I rang her 2 weeks later and offered to take her out for a birthday meal, which we had, it was very plesent and easy, but she said she had started seeing someone else. I was quite taken aback as it was very close to the split, but thats her perogative.

We had a few chats and meets after, and suddenly new bloke started to be described as 'more of a friend really'. Then one Friday night we had a night together in the pub which we spent chattin away and when she left she stroked my side. She had even said that she had seen an astrologer and not only enquired about her star sign by mine too. Apparently although we were different we could work things out.

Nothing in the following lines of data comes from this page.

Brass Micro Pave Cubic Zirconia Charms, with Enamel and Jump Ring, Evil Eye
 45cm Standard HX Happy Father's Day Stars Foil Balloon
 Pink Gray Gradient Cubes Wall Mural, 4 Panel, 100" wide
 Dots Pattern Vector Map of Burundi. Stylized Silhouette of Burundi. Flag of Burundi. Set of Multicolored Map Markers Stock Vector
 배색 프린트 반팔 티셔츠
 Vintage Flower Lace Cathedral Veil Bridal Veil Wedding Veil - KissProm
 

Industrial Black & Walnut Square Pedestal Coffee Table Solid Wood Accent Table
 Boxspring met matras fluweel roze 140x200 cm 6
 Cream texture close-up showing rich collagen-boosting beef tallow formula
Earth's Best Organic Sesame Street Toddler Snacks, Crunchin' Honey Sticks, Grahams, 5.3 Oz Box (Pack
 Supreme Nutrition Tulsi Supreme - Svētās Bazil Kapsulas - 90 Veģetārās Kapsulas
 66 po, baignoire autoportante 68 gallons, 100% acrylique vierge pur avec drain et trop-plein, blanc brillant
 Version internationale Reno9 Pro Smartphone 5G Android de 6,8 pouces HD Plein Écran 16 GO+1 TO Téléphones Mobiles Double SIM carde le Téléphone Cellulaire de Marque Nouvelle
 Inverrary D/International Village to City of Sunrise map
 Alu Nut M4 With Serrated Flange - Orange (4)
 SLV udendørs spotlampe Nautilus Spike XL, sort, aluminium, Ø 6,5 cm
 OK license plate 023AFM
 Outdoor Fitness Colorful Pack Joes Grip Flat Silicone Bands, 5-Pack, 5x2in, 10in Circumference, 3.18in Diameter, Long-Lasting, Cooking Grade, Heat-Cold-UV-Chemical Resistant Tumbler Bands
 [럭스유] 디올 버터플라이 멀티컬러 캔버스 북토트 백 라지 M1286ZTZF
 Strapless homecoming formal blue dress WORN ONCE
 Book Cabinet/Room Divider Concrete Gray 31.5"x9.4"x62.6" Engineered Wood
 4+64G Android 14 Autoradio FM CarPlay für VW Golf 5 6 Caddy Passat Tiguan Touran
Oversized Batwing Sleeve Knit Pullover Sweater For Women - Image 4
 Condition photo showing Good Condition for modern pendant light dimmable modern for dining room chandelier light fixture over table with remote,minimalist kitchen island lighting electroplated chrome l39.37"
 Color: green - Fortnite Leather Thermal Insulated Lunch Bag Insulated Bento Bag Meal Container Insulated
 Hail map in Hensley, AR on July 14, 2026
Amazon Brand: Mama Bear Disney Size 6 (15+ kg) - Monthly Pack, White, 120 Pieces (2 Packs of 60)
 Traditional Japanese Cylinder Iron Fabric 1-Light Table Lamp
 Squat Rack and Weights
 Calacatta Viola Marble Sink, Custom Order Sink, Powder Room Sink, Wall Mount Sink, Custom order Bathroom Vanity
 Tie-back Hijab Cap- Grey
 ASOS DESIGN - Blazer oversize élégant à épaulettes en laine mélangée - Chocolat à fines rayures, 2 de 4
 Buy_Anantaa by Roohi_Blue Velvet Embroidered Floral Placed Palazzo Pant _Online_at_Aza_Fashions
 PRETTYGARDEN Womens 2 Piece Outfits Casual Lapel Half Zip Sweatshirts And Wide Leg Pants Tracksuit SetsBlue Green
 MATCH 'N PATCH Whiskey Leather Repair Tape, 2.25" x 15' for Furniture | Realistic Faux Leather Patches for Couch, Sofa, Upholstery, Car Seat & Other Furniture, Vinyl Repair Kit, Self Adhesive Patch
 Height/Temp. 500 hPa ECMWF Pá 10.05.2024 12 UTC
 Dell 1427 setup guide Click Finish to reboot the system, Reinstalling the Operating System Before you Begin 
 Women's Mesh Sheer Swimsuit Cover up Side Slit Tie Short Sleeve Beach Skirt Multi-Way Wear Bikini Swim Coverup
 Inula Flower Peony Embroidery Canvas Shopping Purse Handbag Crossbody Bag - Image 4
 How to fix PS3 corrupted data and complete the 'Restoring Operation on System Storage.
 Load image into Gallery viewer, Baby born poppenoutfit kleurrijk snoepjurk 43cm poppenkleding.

I called her the next day to ask if she wanted to come down to the pub for a drink but she said she couldnt as Paul (new bloke) was very angry with her, had expressed a desire to date and forbid her to talk to me again. This, rather surprisingly, she obe*beep*.

 

Several emotional calls and 2 letters later I had expressed my true feelings and begged her, on two occasions, to tell me there was no chance of getting back together. She couldnt do that and said her head was in turmoil. But she continued to see Paul anyway. Her friends (now mutual friends) told me she would come back and that the new bloke really wasnt her type. Hes a lads lad, likes to get pissed up with the boys and sleep around. But they were all old school friends.

 

Now it seems shes thinks the new relationship is going some where and never thinks of me at all. Where as I think of her every waking minuite. She has also decided that we shouldnt see each other. Its so strange as we were best friends through those 2 and a bit years and now shes happy to write it all off.

 

She has this annoying habit of saying 'I DO love you, Im just not in love with you'. What the hell does that mean? If she loves me then surely theres a chance...but not if she wont meet me half way.

 

I am getting over it...time does heal, but a bit of me thinks it wont last and wants to wait and see.

 

I hate this, how did it all get so *beep*ed up?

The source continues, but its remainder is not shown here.